**Exercise brief:** Would you reproduce the data below exactly, please, leaving out its images?

**Given material:**
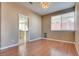 Spacious living room with hardwood floors and views into the kitchen at 2245 Juniper Berry Dr, Las Vegas, NV 89134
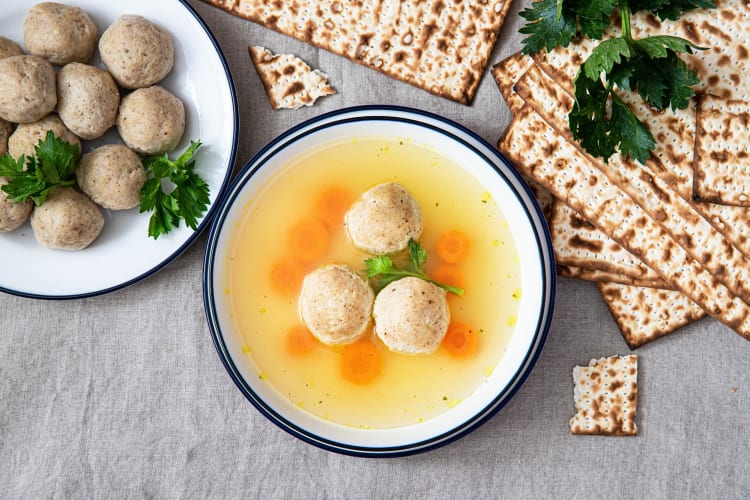 Aerial view of matzo ball soup, matzo balls and matzo bread
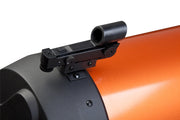 Celestron StarPointer finderscope mounted on telescope, compact accessory for easy sky navigation and star locating.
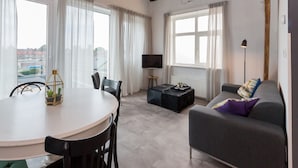 A modern living room with a round dining table, a grey sofa, and a TV. - Holiday Home in Koudekerke Near Seabeach (Koudekerke)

**Reply:**
 Spacious living room with hardwood floors and views into the kitchen at 2245 Juniper Berry Dr, Las Vegas, NV 89134
 Aerial view of matzo ball soup, matzo balls and matzo bread
 Celestron StarPointer finderscope mounted on telescope, compact accessory for easy sky navigation and star locating.
 A modern living room with a round dining table, a grey sofa, and a TV. - Holiday Home in Koudekerke Near Seabeach (Koudekerke)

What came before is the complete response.